I am from a culture that is filled with what I called “the elder’s advice”. From my family, my relatives, my mum’s neighbour, the guard who works in the building, my mum’s gym acquaintance to the lady who takes my order at breakfast. Everybody has a piece of advice to give.

And between “you should wash the seat before sitting down in a sauna”, to the “best combo you should order at breakfast to make the most bank for your buck”, to the “you shouldn’t lift heavy things such as your arms because this old lady’s neighbour’s daughter’s aunt had a miscarriage once 20 years ago because she lift her arms over head”. It is me, a cultureless, untamed, rebellious, or as they call, a “too westernised” monkey woman who refuses to listen. 

It is my middle finger to this the absurd you must listen to whatever advice culture, it is my gigantic ego who in general tries its best to refuse to follow any slight hints of directions. I am not very good at taking these advices. 

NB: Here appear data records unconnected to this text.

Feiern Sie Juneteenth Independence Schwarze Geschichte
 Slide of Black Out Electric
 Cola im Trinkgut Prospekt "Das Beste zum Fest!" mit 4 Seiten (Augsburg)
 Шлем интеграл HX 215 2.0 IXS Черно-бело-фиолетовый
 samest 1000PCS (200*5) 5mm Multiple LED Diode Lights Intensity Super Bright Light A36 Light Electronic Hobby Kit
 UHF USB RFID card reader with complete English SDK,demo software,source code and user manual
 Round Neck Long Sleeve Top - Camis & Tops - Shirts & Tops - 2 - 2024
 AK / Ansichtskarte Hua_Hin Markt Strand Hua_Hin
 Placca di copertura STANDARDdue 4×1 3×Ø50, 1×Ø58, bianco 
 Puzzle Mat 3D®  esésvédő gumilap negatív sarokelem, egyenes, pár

And the funny thing is, after time and time again of being the westernised monkey woman who doesn’t listen, these people often go to my mum to tell on me. 

Let me paint you this picture: 

Me, this 32 old woman, being told on, by elders to my parents, because I wouldn’t listen to their unsolicited advice.

With this happened time after time, I suddenly realise, ultimately they don’t care if the advice helps me. 

Ultimately, it is not about wether or not this advice is helping, but the act of giving and receiving the advice itself. 

How dare I to not respect their elder’s right to giving their society’s young a slither of their wisdom? How dare I disrespecting their experience of that one time that they didn’t do such and such and end up with such and such.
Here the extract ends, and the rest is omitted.